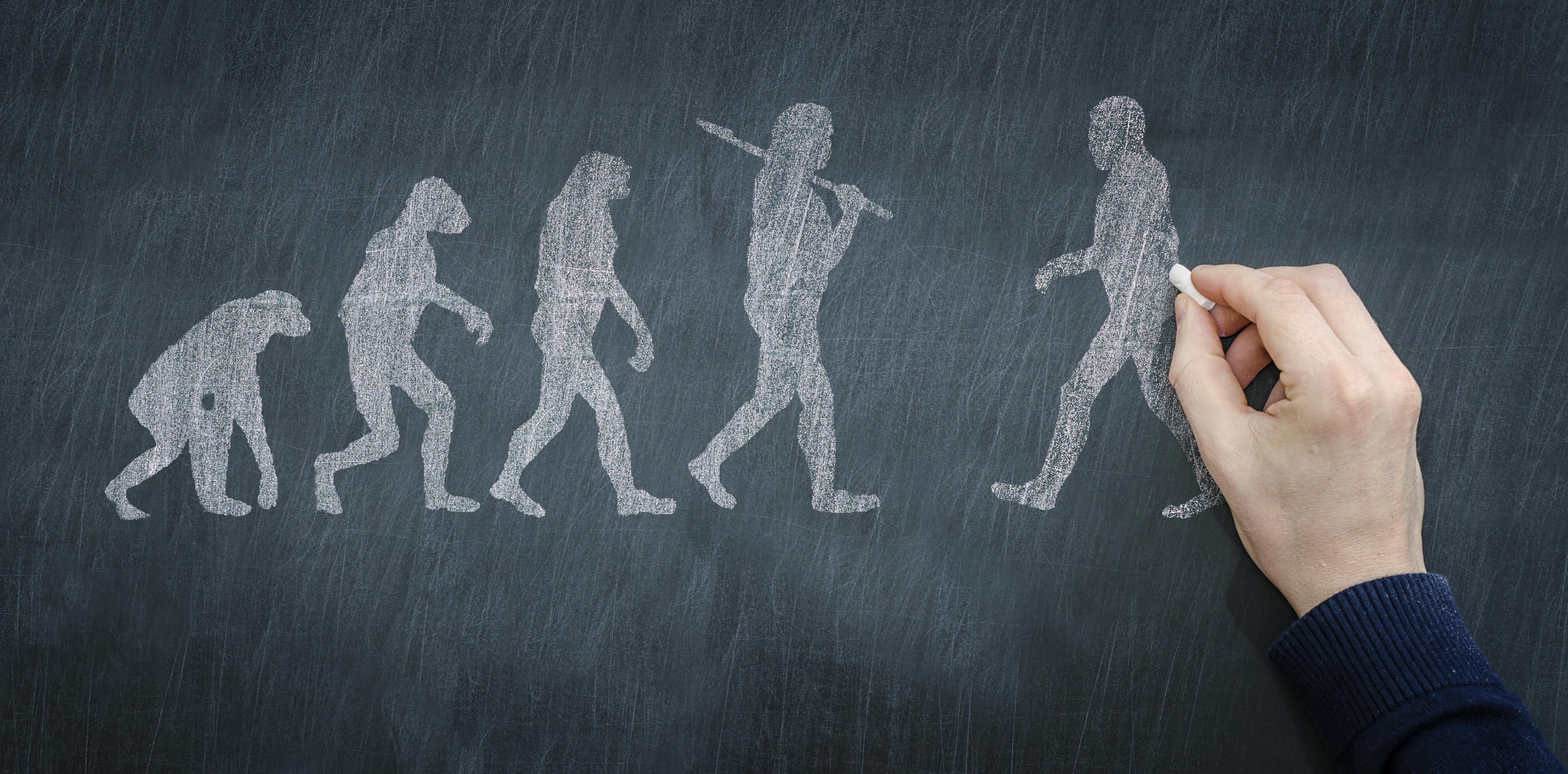 L’anello debole del dogmatismo darwiniano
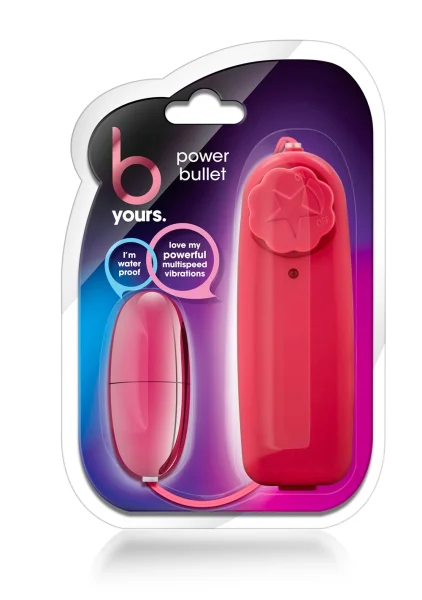 B Yours - Power Bullet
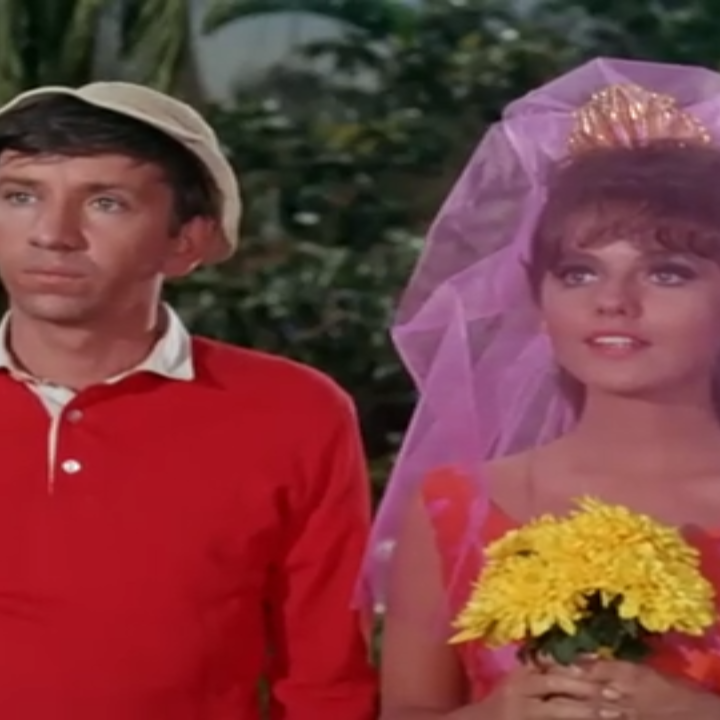 Gilligan's Island TV Show Series MP4 Digital Download  - Full Color - Season Two - 32 Episodes Gilligans Island 1964 - 1967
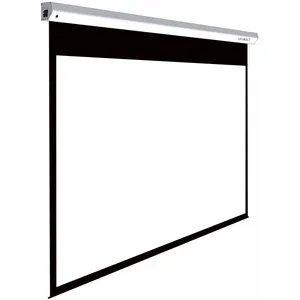 Écrans de projection électriques Lumene Majestic HD 350V pas cher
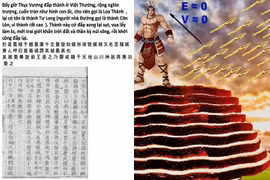 Hé lộ công nghệ vũ khí giúp chiến binh Vua Hùng bách chiến bách thắng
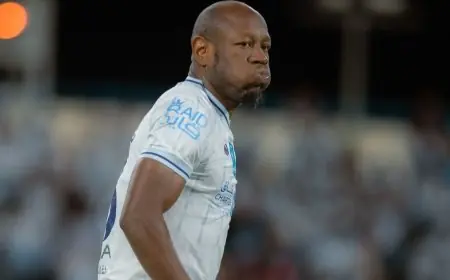 هدف باسوغوغ ينعش آمال الأخدود في الدوري السعودي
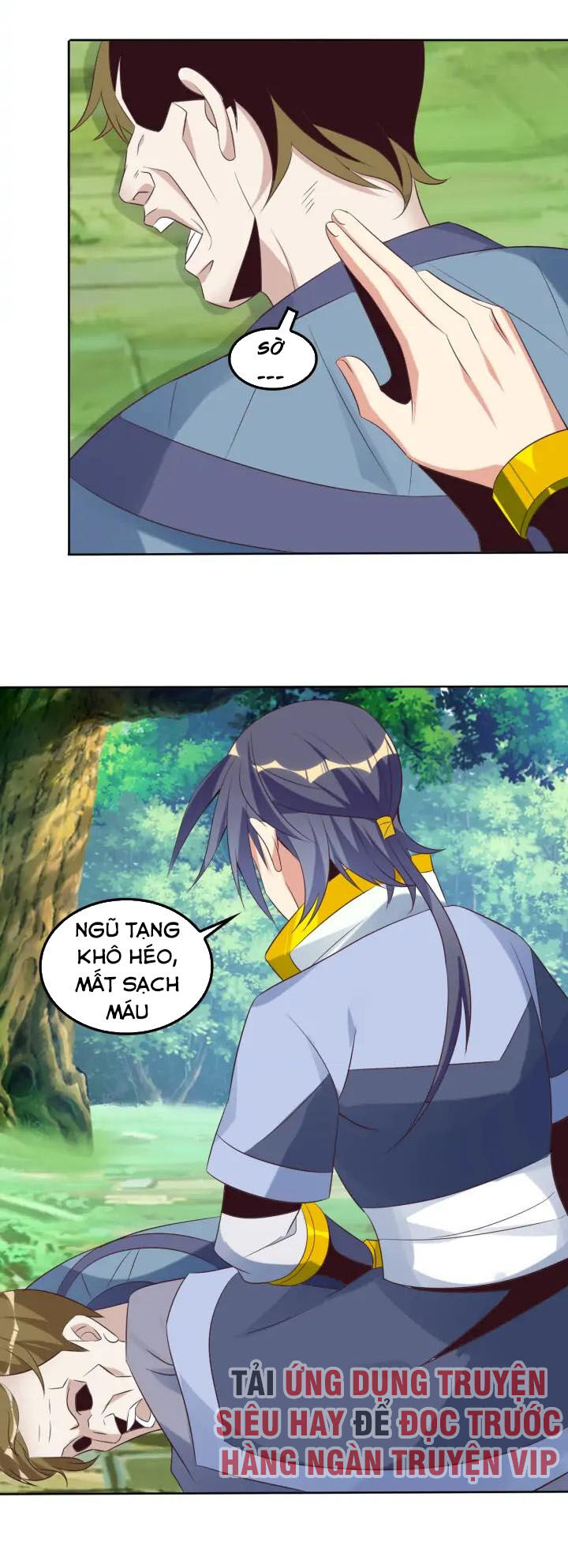 Thôn Phệ Một Thế Giới Tu Tiên Chapter 55 - Trang 2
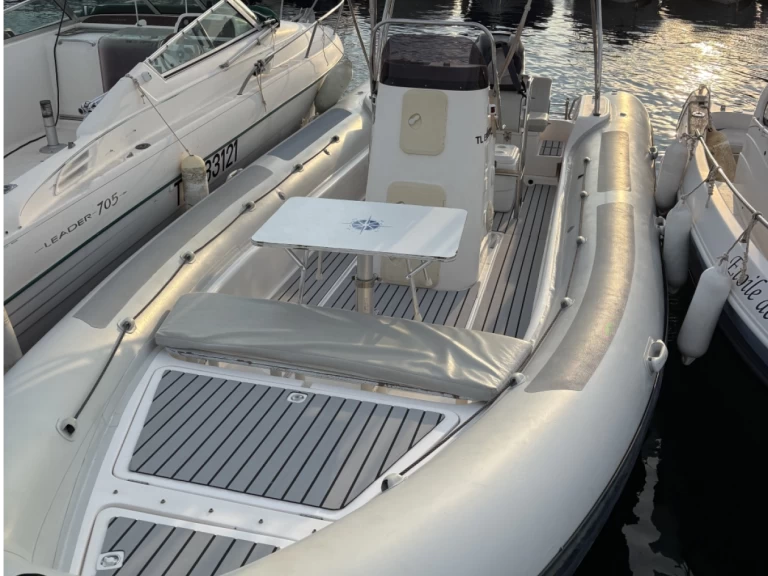Valiant Valiant 760 Sport te huur van particulier of professional in Cavalaire-sur-Mer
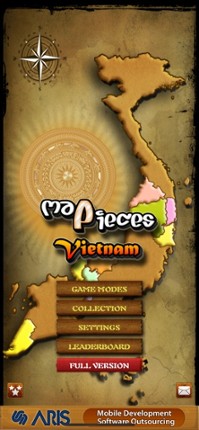 MapPieces:Vietnam HD Image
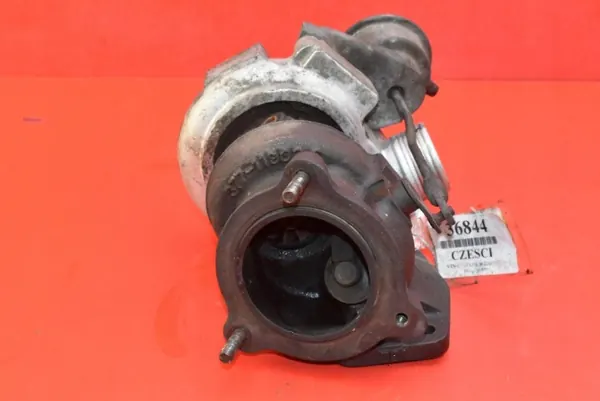 Turbocompressor OEM 49377-06102 para Volvo S60 2.0T image 4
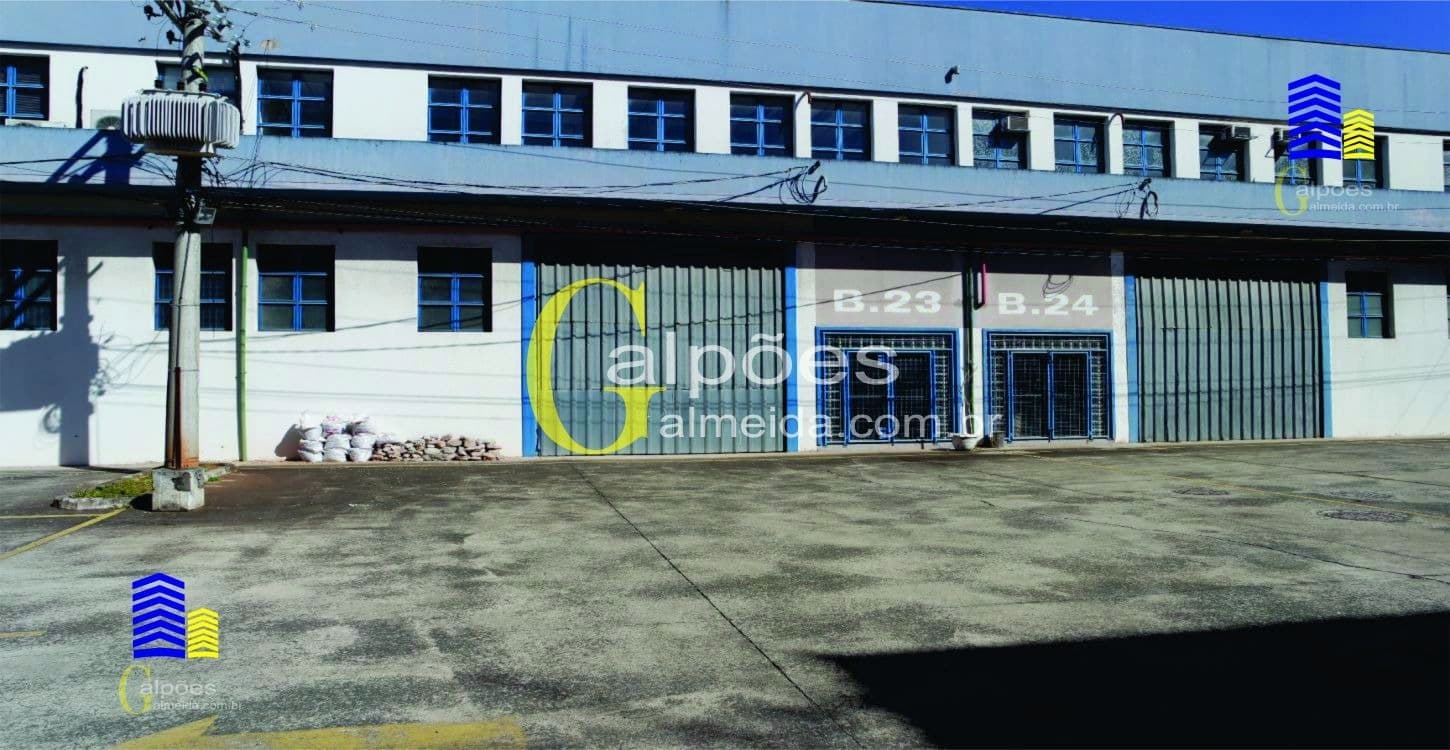 Galpão/Depósito/Armazém em Barueri - Tamboré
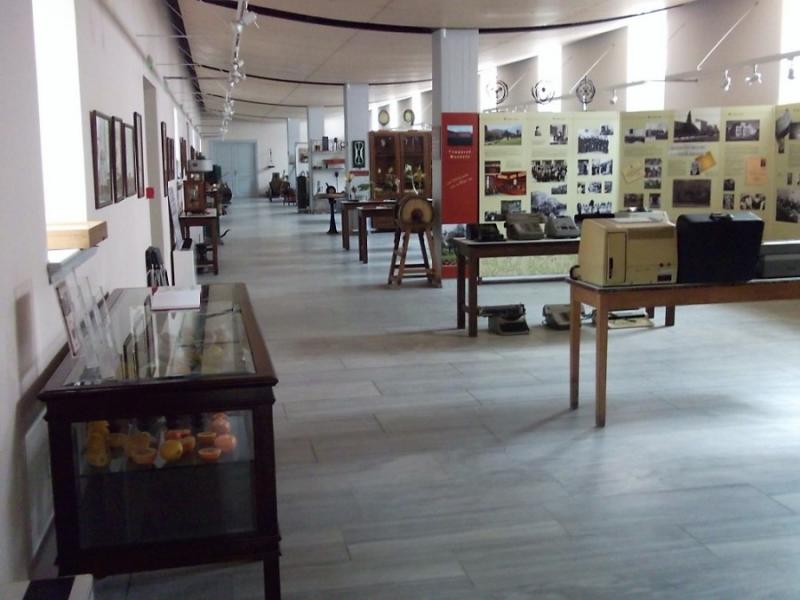 Έκθεση στο Γεωργικό Μουσείο εγκαινίασε η Πρόεδρος της Δημοκρατίας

^^^^

- Goal of the exercise
For this exercise, please set down exactly the lines of the listing above from the line with "B Yours - Power Bullet" up to and including the line with "Turbocompressor OEM 49377-06102", and no pictures.

- Solution to the exercise
 B Yours - Power Bullet
 Gilligan's Island TV Show Series MP4 Digital Download  - Full Color - Season Two - 32 Episodes Gilligans Island 1964 - 1967
 Écrans de projection électriques Lumene Majestic HD 350V pas cher
 Hé lộ công nghệ vũ khí giúp chiến binh Vua Hùng bách chiến bách thắng
 هدف باسوغوغ ينعش آمال الأخدود في الدوري السعودي
 Thôn Phệ Một Thế Giới Tu Tiên Chapter 55 - Trang 2
Valiant Valiant 760 Sport te huur van particulier of professional in Cavalaire-sur-Mer
 MapPieces:Vietnam HD Image
 Turbocompressor OEM 49377-06102 para Volvo S60 2.0T image 4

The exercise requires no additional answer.